A widely respected poet, many of his essays are now termed classics. Crossing academic confines, Is there an Indian Way of Thinking? is widely circulated. Some years ago, his Three Hundred Ramayanas was unceremoniously dropped from the reading list of the University of Delhi, and its history department wrecked by Hindutva vandals for prescribing it. In a kneejerk reaction, the Oxford University Press (OUP) declared that it would stop publishing the essay and the book it forms part of. The OUP backtracked only after leading academics across the world protested.

All this hungama would have made AKR uncomfortable had he been alive. The book under review tells you why.

In the decades following his death, much of his unpublished and uncollected writings were published. However, when in 2013, the young philosopher Nakul Krishna wrote a long essay based on AKR’s papers in the special collections of the Regenstein Library of the University of Chicago, readers were in for a surprise. The tantalising quotes from his papers whetted the appetite of AKR fans. Three years later, Spanish scholar Guillermo Rodriguez published his meticulously researched monograph, When Mirrors are Windows: The View of A.K. Ramanujan’s Poetics, based extensively on these papers. 

Now, in collaboration with AKR’s son, Krishna Ramanujan, Rodriguez has gone for the kill. Sifting through more than 70 boxes of AKR’s papers spread over four decades, the two have edited Journeys: A Poet’s Diary that presents both unpublished prose and poetry. Though not intended for publication, the drafts and notes and longer narratives show AKR to be the careful and sensitive writer that his readers have always known him to be. Using the metaphor of a journey, the editors have organised the entries into five parts, each coextensive with a decade and synchronising with a phase of his life: his early years in India; the journey to America; the budding poet-scholar in the US; his journeys into the self, and the last decade of his life. AKR wrote exclusively in English with the occasional Kannada and Tamil phrase thrown in. The editors have provided useful and indispensable, if perfunctory, notes and glosses.

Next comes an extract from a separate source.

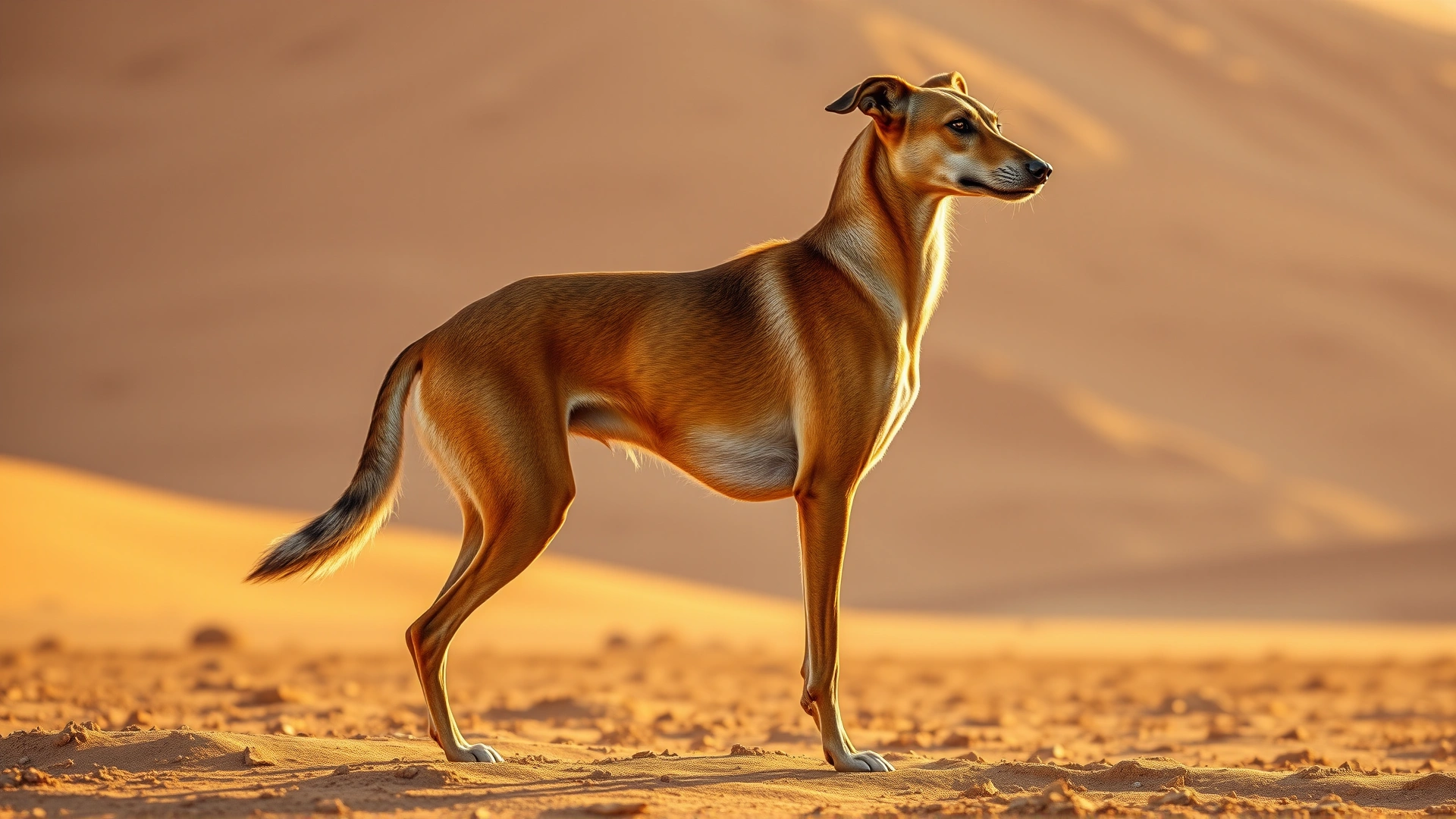 A full-body side profile of a Saluki dog standing proudly in a desert landscape under warm golden light.
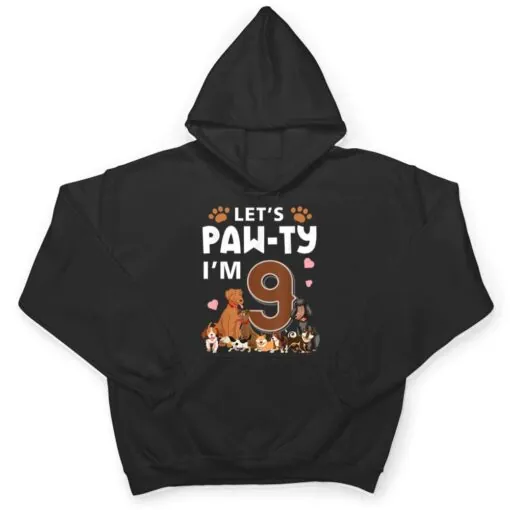 9 Year Old Puppy Dog Birthday Pawty Dogs 9th Party T Shirt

AKR studied, taught and lived in the US at a time when it was still uncommon for Indians to do so. He was arguably the earliest Indian intellectual in the American academia with little investment in the British cultural world. His notes on his stay in an Oxford college towards the end of his life show what a complete stranger he was there.

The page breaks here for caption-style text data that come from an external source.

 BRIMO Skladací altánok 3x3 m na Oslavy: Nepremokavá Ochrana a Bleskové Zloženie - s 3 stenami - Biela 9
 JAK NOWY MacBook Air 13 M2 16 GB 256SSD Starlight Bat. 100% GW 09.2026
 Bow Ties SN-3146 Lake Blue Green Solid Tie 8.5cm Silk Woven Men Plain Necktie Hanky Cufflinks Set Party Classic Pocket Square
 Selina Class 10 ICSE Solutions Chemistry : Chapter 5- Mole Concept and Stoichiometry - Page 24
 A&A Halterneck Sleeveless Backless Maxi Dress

This inevitably led to crises of identity. One of AKR’s most anthologised poems talks about the stranger in the mirror with his father’s autograph in a corner. He famously described himself as the hyphen in ‘Indian-American’. In a diary note he calls himself illuminatingly, if less stunningly, as ‘a modern post-Christian Hindu’. The jottings, extended passages and his poems in this book reveal a man torn between his Indian/Hindu roots and his immersion in the American cultural world.

For a man of singular accomplishment, AKR is consistently wracked by self-doubt. An enviably productive scholar, he despairs that he cannot write much or even well. Even as he wins acclaim, he is unhappy, dissatisfied. Weighed down by a formidable reputation he is hesitant to be in the public glare. His difficult marriages and divorces — with the same woman — seem to have also exacted their toll. In 1971 he experimented with mescaline — its results can be seen in section four of this book. Obsessed with snakes and dreams, he writes of them and seems to have undergone psychoanalysis. But whatever AKR writes, he writes with great perception and insight, and in such limpid and chiselled prose.

If you are an AKR fan grab this beautifully produced and well-edited book. The photographs and portraits are a bonus.